During the last five years a large number of randomised controlled clinical trials (RCTs) have been published on the efficacy of acupuncture in different conditions. In most of these studies verum is compared with sham acupuncture. In general both verum and sham have been found to be effective, and often with little reported difference in outcome. This has repeatedly led to the conclusion that acupuncture is no more effective than placebo treatment. However, this conclusion is based on the assumption that sham acupuncture is inert. Since sham acupuncture evidently is merely another form of acupuncture from the physiological perspective, the assumption that sham is sham is incorrect and conclusions based on this assumption are therefore invalid. Clinical guidelines based on such conclusions may therefore exclude suffering patients from valuable treatments.

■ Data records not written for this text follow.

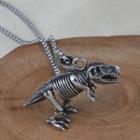 Stainless Steel Dinosaur Skeleton Pendant Necklace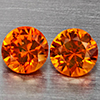 Natural Orange Songea Sapphire 0.25 Ct. 2 Pcs Round Diamond Cut 3.2 Mm Gemstones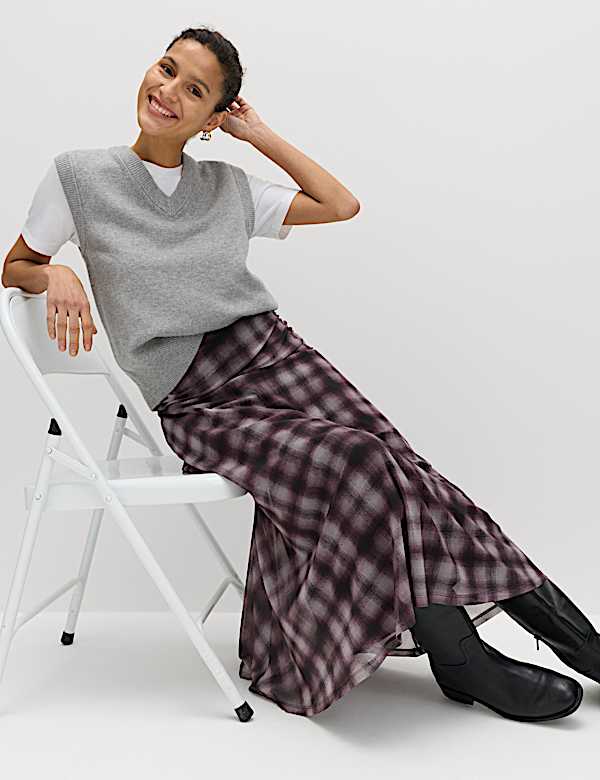 Checked Midi A-Line Skirt - CZ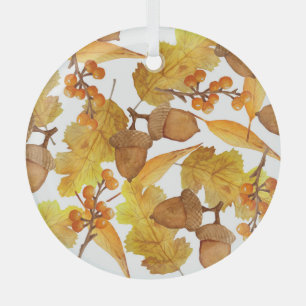 Adorno De Cristal Acorns de otoño: diseño de Acción de Gracias de co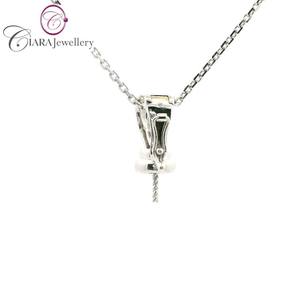 Pendentif en or blanc/jaune massif 18K AU750 de style classique avec réglage de perle de diamant naturel cadeau d'usine direct - Product Image 3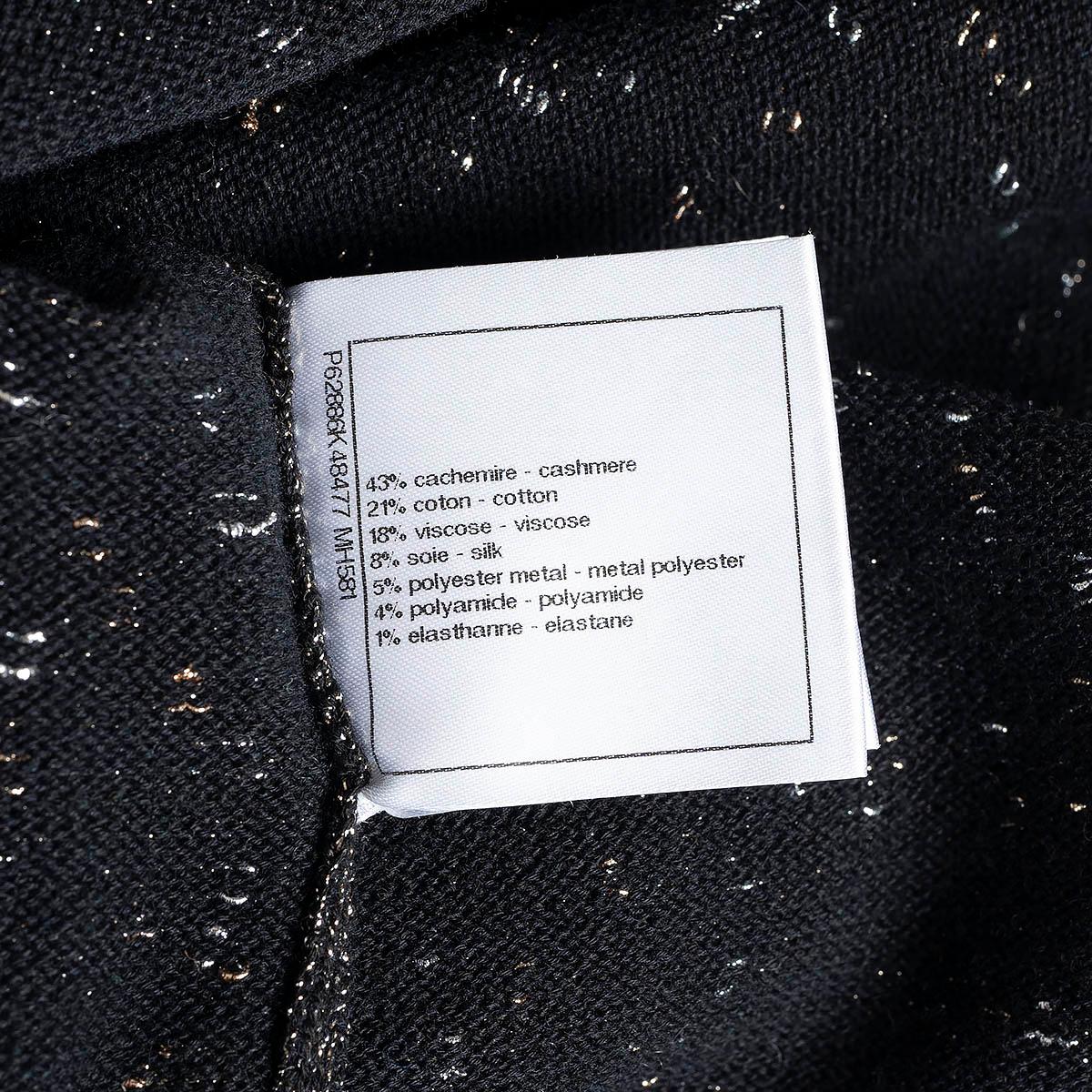 CHANEL black & silver cashmere 2020 20C LA PAUSA LOGO LUREX Sweater 48 XXL 5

A randomized controlled study was conducted to evaluate the effect of acupuncture treatment in idiopathic anterior knee pain, a pain syndrome without known aetiology. Fifty-eight patients, clinically and radiologically examined, were randomly assigned to either deep or minimal superficial acupuncture treatment. The patients were treated twice weekly for a total of 15 treatments. The main outcome measurements were one leg vertical jump, functional score, daily VAS recording and skin temperature. Fifty-seven patients completed the study. Pain measurements on VAS decreased significantly within both groups; in the deep acupuncture group from 25 before treatments to 10 afterwards, and in the superficial (placebo) acupuncture group from 30 to 10. There was no significant difference between the groups. The improvement on the VAS recordings remained significant even after 3 and 6 months. Even though the pain decreased after sensory stimulation, neither the ability to jump on one leg, the functional score nor the skin temperature changed. This study shows that patients with idiopathic anterior knee pain benefit from both electroacupuncture treatment and subcutaneous needling. The pain-relieving effect remains for at least 6 months. Central pain inhibition, caused by either afferent stimulation or by non-specific therapeutic (placebo) effects, is a plausible explanation behind the treatment effects.